Según la CAEM, el sector alcanzaría un crecimiento del 49% respecto al año anterior. La cámara advierte sobre la necesidad de equilibrar el régimen de importaciones del RIGI con el desarrollo de proveedores locales.
La minería argentina se perfila como uno de los motores más dinámicos de la economía para los próximos años. Según proyecciones de la Cámara Argentina de Empresas Mineras (CAEM), las exportaciones del sector podrían escalar hasta los USD 9.000 millones en 2026, lo que representa un salto del 49% en comparación con los valores registrados en 2025. Este crecimiento está cimentado en la recuperación de los precios internacionales del oro y el litio, sumado a un clima de mayor sintonía política entre Nación y las provincias mineras.

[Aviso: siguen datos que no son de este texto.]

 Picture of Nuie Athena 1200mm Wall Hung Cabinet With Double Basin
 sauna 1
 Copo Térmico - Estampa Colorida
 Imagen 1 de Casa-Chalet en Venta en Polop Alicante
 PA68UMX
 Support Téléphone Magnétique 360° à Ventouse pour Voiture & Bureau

El peso de los metales y el empuje regional
Roberto Cacciola, presidente de la CAEM, destacó que el actual ciclo de precios altos otorga un margen alcista a los pronósticos. En el caso del litio, se prevé que las ventas externas superen los USD 1.400 millones para 2026. Por otro lado, el oro y la plata han visto una recuperación de valor impulsada casi exclusivamente por los mercados internacionales, dado que los altos costos operativos actuales dificultan el sostenimiento de las minas si los precios regresaran a niveles de años anteriores.

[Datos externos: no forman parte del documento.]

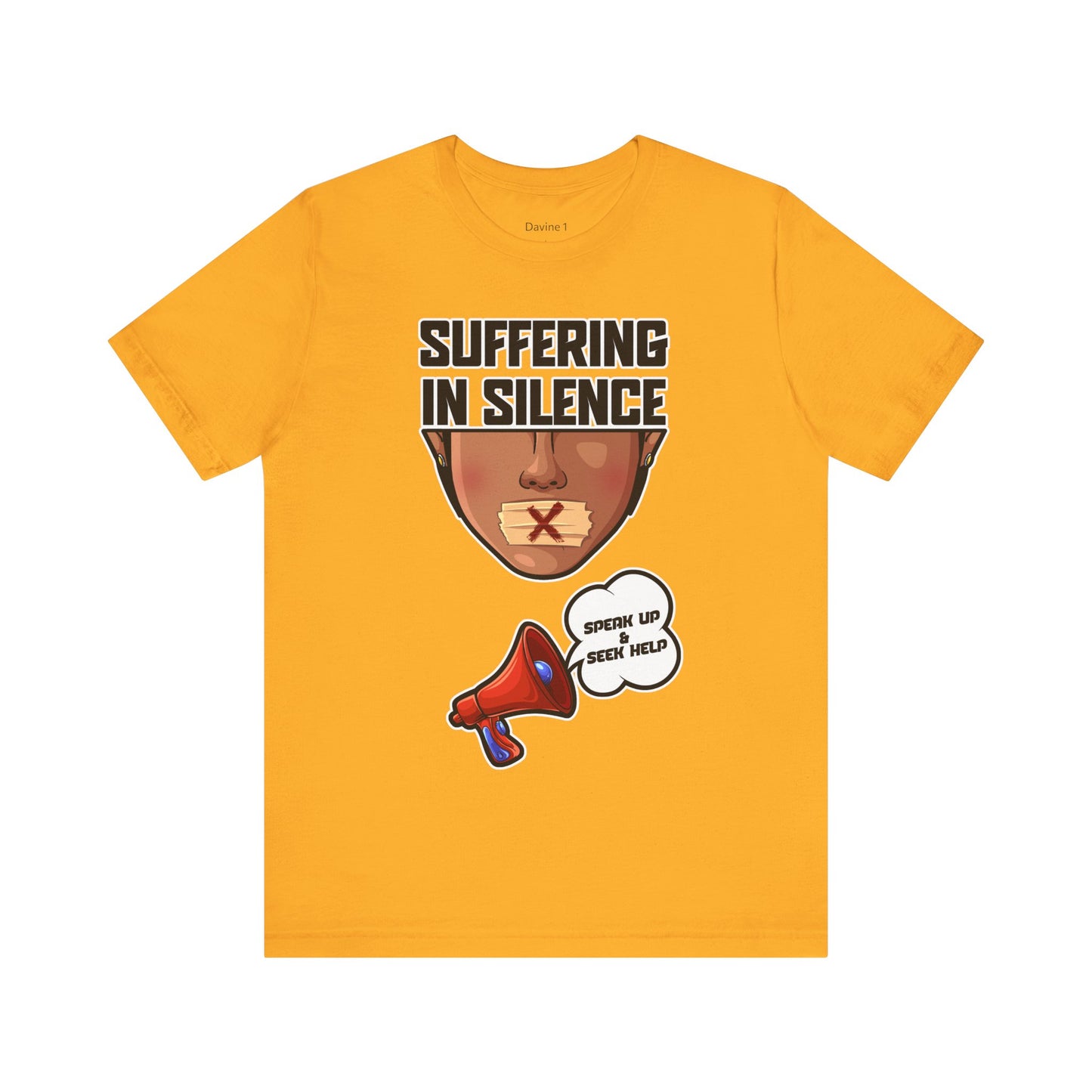 Suffering In Silence Short Sleeve Tee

La actividad ya tiene un impacto determinante en la economía de varias provincias. Según los datos presentados, la minería representa el:
- 93,2% del volumen económico en Catamarca.
- 85,5% en Santa Cruz.
- 85,4% en San Juan.
- 80,6% en Jujuy.
Inversiones y el desafío del RIGI
El informe de la cámara destaca la relevancia del Régimen de Incentivo para Grandes Inversiones (RIGI), que ya cuenta con 13 proyectos presentados. Entre ellos sobresalen los emprendimientos de Glencore y Vicuña, que concentran solicitudes de incentivo por más de USD 30.000 millones. De consolidarse estos proyectos, las exportaciones adicionales podrían alcanzar los USD 22.000 millones hacia el año 2035, centradas principalmente en cobre y litio.
Sin embargo, Cacciola advirtió sobre un punto crítico del régimen: la posibilidad de importar hasta el 80% de los insumos. Desde la CAEM abogan por un equilibrio de «sentido común» que no bloquee las importaciones necesarias, pero que tampoco descuide el desarrollo de la cadena de valor nacional. «El desarrollo minero debe crear un efecto derrame positivo en Argentina», señaló el directivo.
Empleo y barreras estructurales
Actualmente, la industria genera más de 100.000 puestos de trabajo directos, con salarios que promedian 2,5 veces el sueldo nacional y una tasa de informalidad de apenas el 1,3%. Para sostener este crecimiento, el sector identifica tres desafíos urgentes:
- Infraestructura: La necesidad de mejorar corredores logísticos hacia los océanos Atlántico y Pacífico.
- Seguridad Jurídica: Destrabar la judicialización de la Ley de Glaciares para liberar proyectos estratégicos.
- Formación Profesional: Capacitar mano de obra local para cumplir con regímenes de residencia, como el 90/10 que aplica Santa Cruz.
Con una planificación a largo plazo, la CAEM estima que la minería no solo diversificará la matriz productiva, sino que se consolidará como un pilar fundamental para la estabilidad fiscal y el desarrollo de las economías regionales.